Segment Open

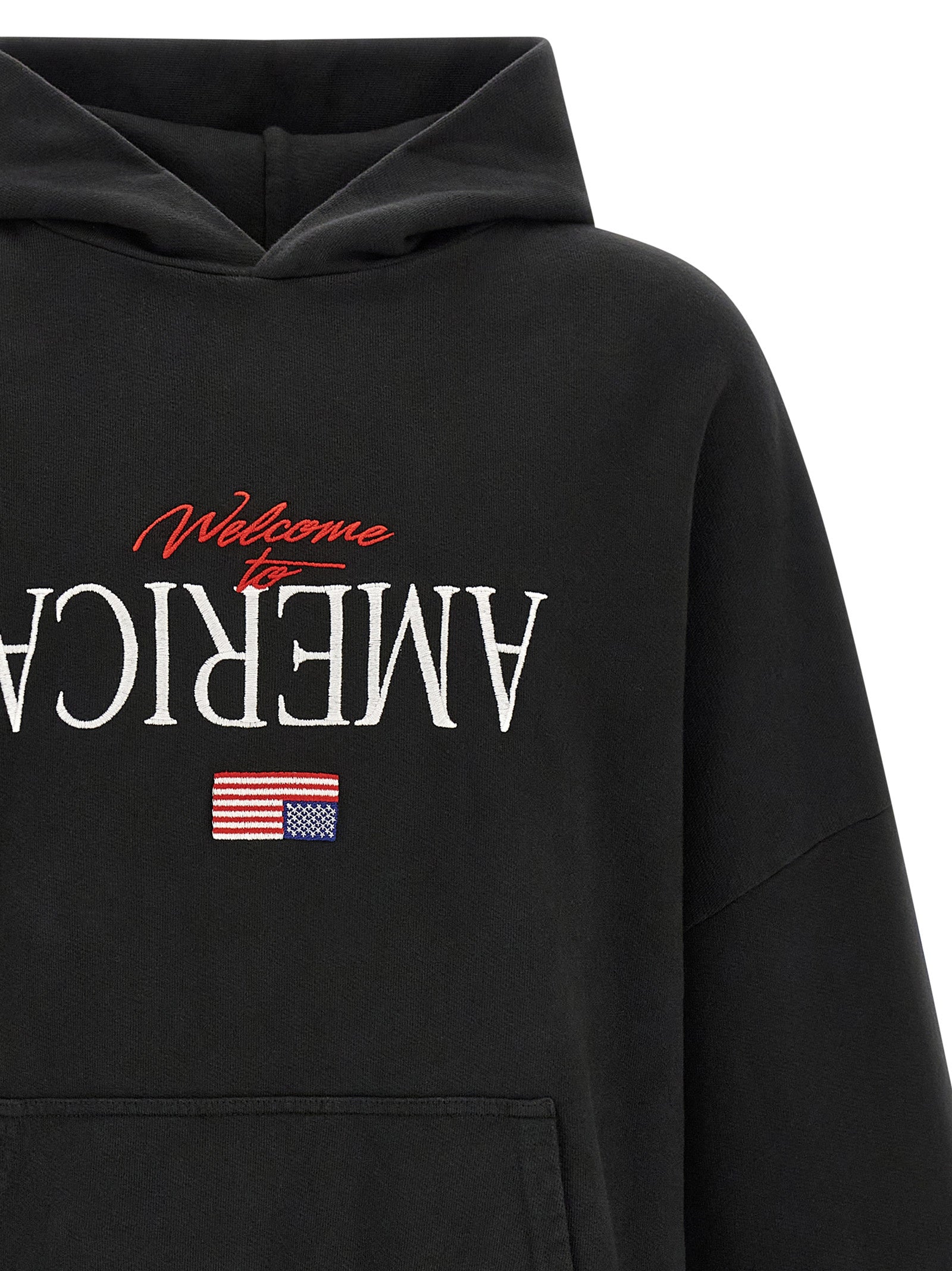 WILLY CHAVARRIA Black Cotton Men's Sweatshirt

Segment Closed
Segment Open

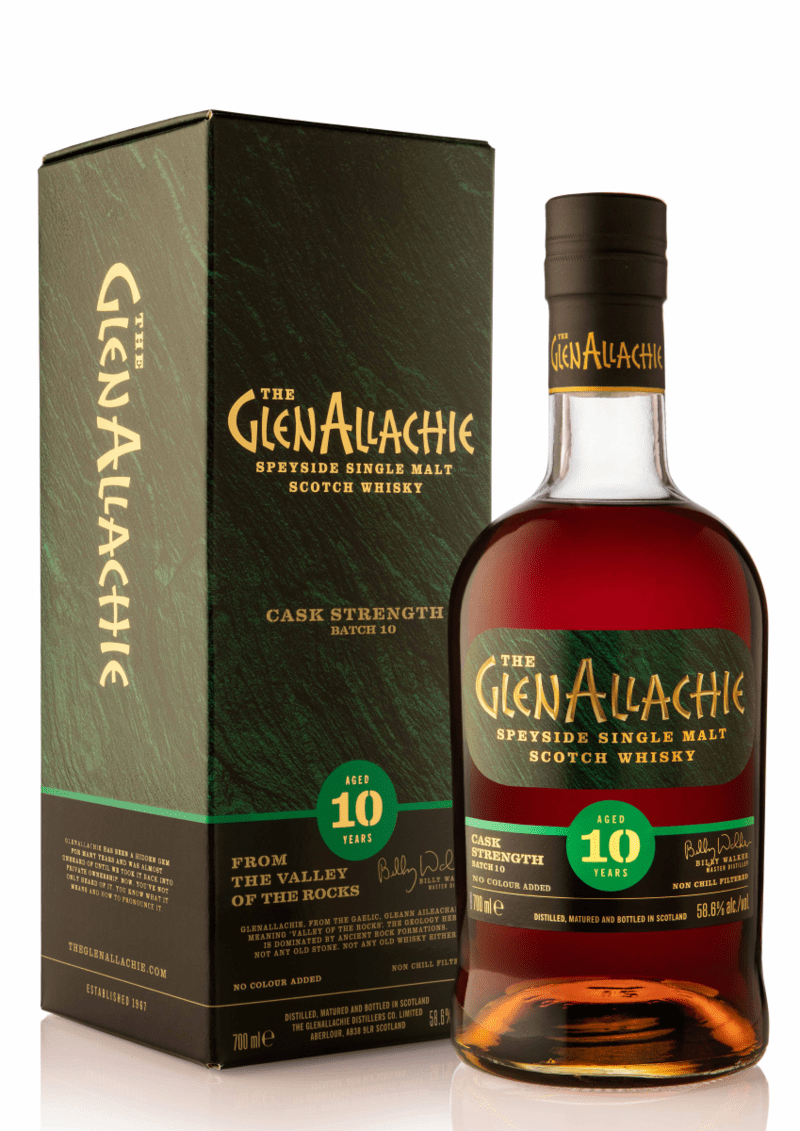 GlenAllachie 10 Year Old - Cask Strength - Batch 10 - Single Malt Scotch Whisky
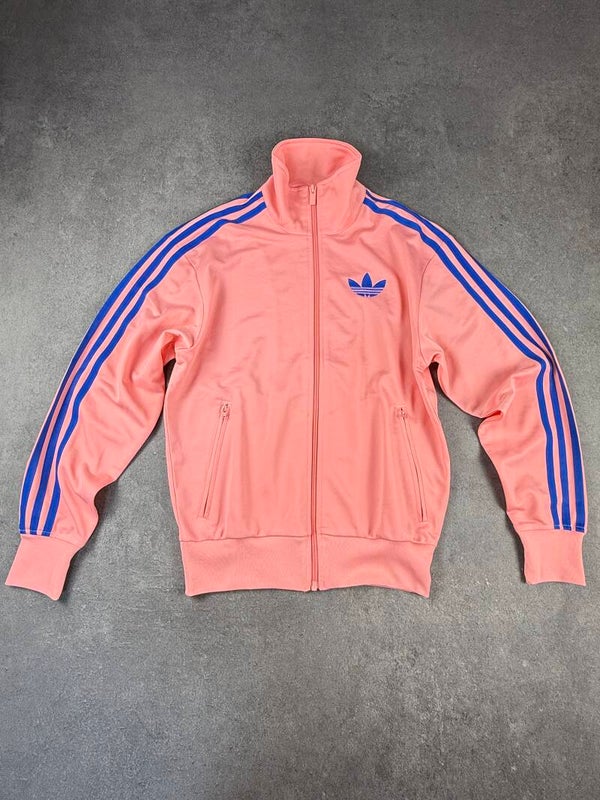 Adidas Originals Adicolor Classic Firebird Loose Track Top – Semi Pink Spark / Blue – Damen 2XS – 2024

Segment Closed
Segment Open

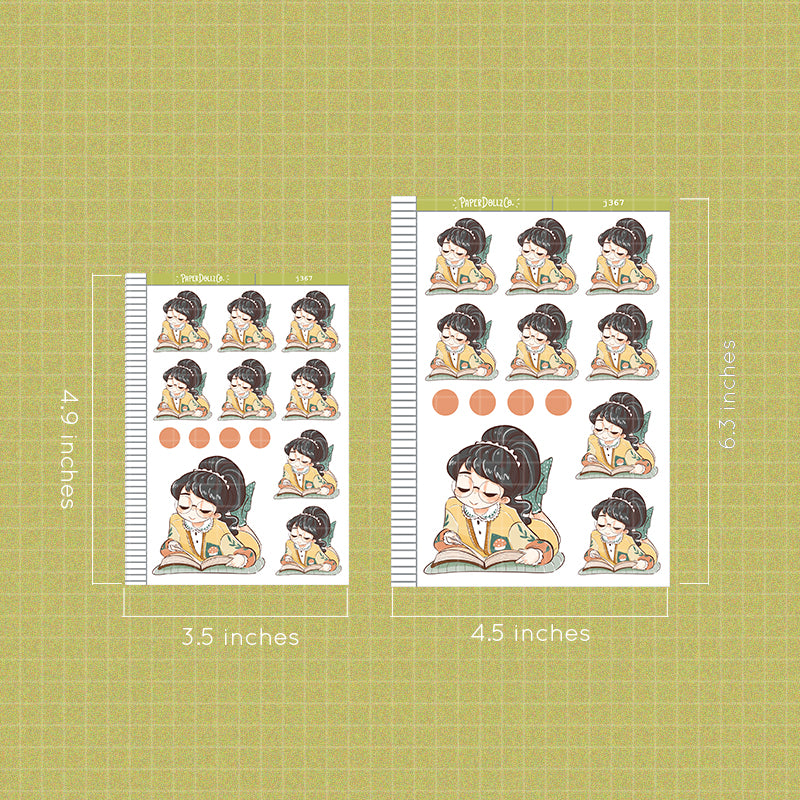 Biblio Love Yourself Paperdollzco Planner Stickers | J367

Segment Closed

Only the lines between the one with "GlenAllachie 10 Year" and the one with "Adidas Originals Adicolor", those two included, get copied from the material above. Keep it exact and free of pictures.

 GlenAllachie 10 Year Old - Cask Strength - Batch 10 - Single Malt Scotch Whisky
 Adidas Originals Adicolor Classic Firebird Loose Track Top – Semi Pink Spark / Blue – Damen 2XS – 2024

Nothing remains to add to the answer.